= Association of Local Government Archaeological Officers =

Body of archaeologists in UK

The Association of Local Government Archaeological Officers, or ALGAO, functions as a body to represent archaeologists working for local authorities and national parks in the United Kingdom.

ALGAO resulted from the merger of the Association of County Archaeological Officers (ACAO) and the Council of District Archaeological Officers (CDAO) in 1996. These organisations, and consequently ALGAO, were centred on England and Wales. This situation remained until ALGAO merged with the Association of Regional and Island Archaeologists (ARIA) in 2006, who until that point represented archaeologists performing similar duties in Scotland.

The organisations ALGAO - Cymru, ALGAO - Scotland, and ALGAO - England were formed to serve the constituent regions. The Association has regional, national, transnational and thematic committees. It exists to provide a voice for local authority in delivering local, regional and national government policy; to ensure local government participation in policy for culture and education; to contribute to improving the sustainable management of the historic environment and promote development of high standards in the historic environment profession. The Association has also published guidance for local authority involvement in heritage management and policy. Historic England plays a significant role in much of the work of the Association's members . Together, ALGAO and Historic England play a crucial role in planning-led archaeology, a sector which in turn employs some 74% of British archaeologists.
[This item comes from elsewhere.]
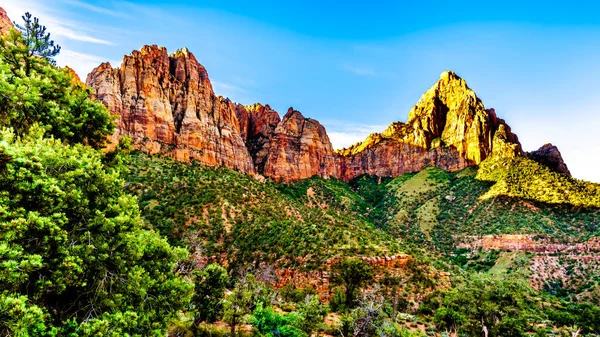 Sunrise Watchman Peak Zion National Park Utah Eua Durante Uma — Fotografia de Stock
ALGAO Members' principal roles are to advise a Local Planning Authority and to run Historic Environment Records.

The ALGAO Cymru attracted press attention when it supported the assertion from the Castles and Town Walls of King Edward in Gwynedd World Heritage Site Management Plan 2018–28, that 'History has bequeathed two sets of cultural values to the castles and town walls of King Edward I in Gwynedd. On the one hand, they are admired for their grandeur and for their quality as works of architecture; on the other, they are seen as symbols of oppression and alienation. Both sets of cultural values contribute to the importance of the World Heritage Site' The castles were built by English king Edward I (who defeated Llywelyn ap Gryffydd, the last Welsh Prince of Wales and brought Wales under the English monarchy).

It was reported that ALGAO Cymru had called for the removal of a statue of Welsh-American explorer Sir Henry Morton Stanley (who coined the phrase “Dr Livingstone, I presume?”) in Denbigh. However, their case study on Morton Stanley refers to a panel of experts convened in Brussels, that concluded that some statues in Belgium might be removed . Although the Association commented, “People who have been subjected to racial prejudice or racist attacks may find it traumatic to see figures who had known connections to racist policies or actions, celebrated prominently.” the guidance does not specifically recommend the removal of the Denbigh statue. The campaign to remove the statue of Stanley was ultimately unsuccessful.